Tuesday, June 14, 2005
Bob Jones (no relation to the university by the same name) is a true prophet of God, who has some unique and powerful insights into Christianity. The following is a prophetic word he had recently told to Paul Keith Davis entitled "I Have a Dream"
I Have A Dream
In one of his prophetic encounters, Bob was told that the enemy is vigorously working to steal the 'dreams' of God's people. Primarily, the dreams consist of hopes and aspirations birthed in the spirit of Christians that motivate them in prayer and set them on their prophetic journey.
In the experience, the Lord expressed that it was acceptable for His people to contemplate great and lofty things that He is capable of doing through them. That is the admonition to us in Ephesians 3:20-21---Now to Him who is able to do exceeding abundantly beyond all that we ask or think, according to the power that works within us, to Him be the glory in the church and in Christ Jesus to all generations forever and ever. Amen.If our dreams become exaggerated beyond the parameters of His promise, then He will make adjustments in us that keep it from becoming vain imaginations. With the vision that is being imparted to saints, there is a corresponding faith that is birthed to see it become reality. Our adversary is attempting to bring opposition to those dreams and visions with the anticipated result of birthing hopelessness and depression in its place.

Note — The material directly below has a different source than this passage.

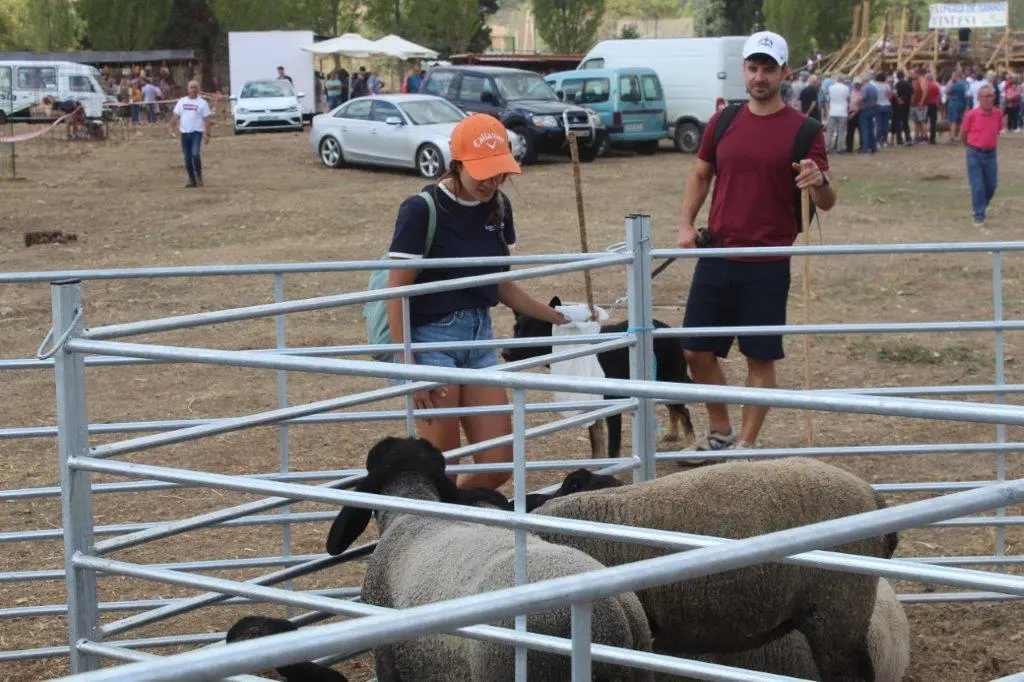 FERIA GANADERA VINUESA (46)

Psalms 126 was given as an outline for this admonition. Those who dream in the greatness and hopeful expectation of God's restoration are filled with joy. Correspondingly, without vision, people perish in discouragement and confusion and are led into captivity.
We cannot give up the dream and aspiration of being used mightily by the Holy Spirit in the blueprint of Heaven presently being unfolded. We must also continue to dream for our children to be handed a rich spiritual inheritance."